My problem is that the total number of calculations to perform can not be estimated beforehand. I'm somehow discovering a tree and cannot know how vast the tree is without actually exploring it.
With regards to the progress bar it means that the progress bar can sometimes go backward.
For example, let's say that my tree has 10 root elements at the beginning, I perform calculations on the first element so I'm at 1/10 = 10%
completion but discover 10 new others elements at the same time, leading to a 1/20 = 5%
completion.
Is the progress bar still useful is that case ? I want to avoid to only report X out of Y elements processed
.
Is there a better way to report the status of the number of processed elements when the number of elements to process can grow ?
Answer
If it is possible to traverse the entire tree before beginning processing, I would display an indeterminate progress bar while you discover the branches and then switch to a traditional progress bar once you know the maximum value.
If you cannot identify the total size of the tree before processing, then a progress bar may not be the best option.

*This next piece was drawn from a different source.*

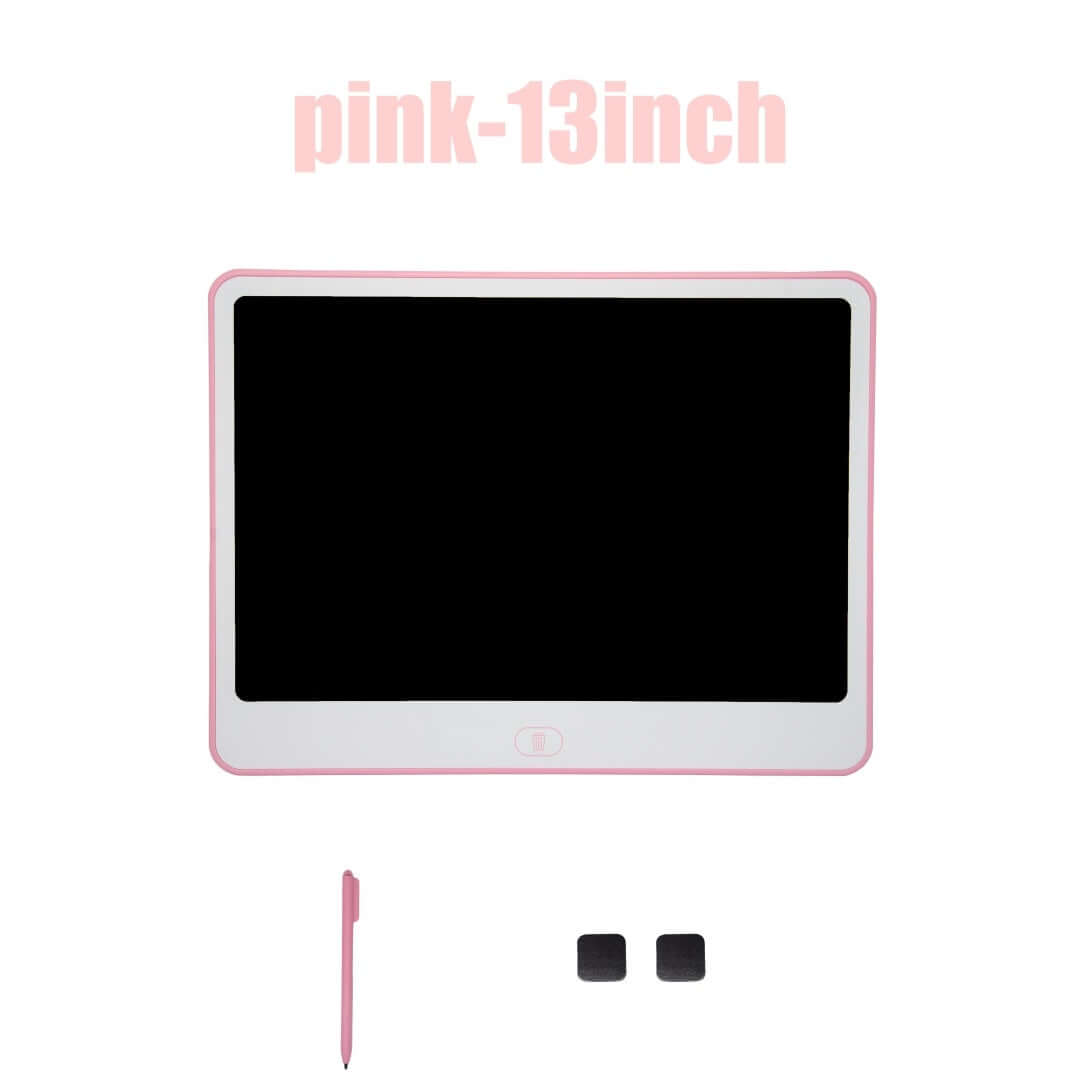 13-Inch LCD Writing Tablet for Kids – Colorful Doodle & Drawing Pad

A progress bar indicates progress towards a known and unchanging maximum. If you don't know the maximum, you can't define the parameters of the progress bar.
In that case, maybe a textual description that is updated in real time would work better. Something like:
Discovered Items: 115
Processed Items: 32
I would definitely not recommend having the progress bar move backwards. This tells the viewer that progress is proceeding backwards or being undone, which is not the case.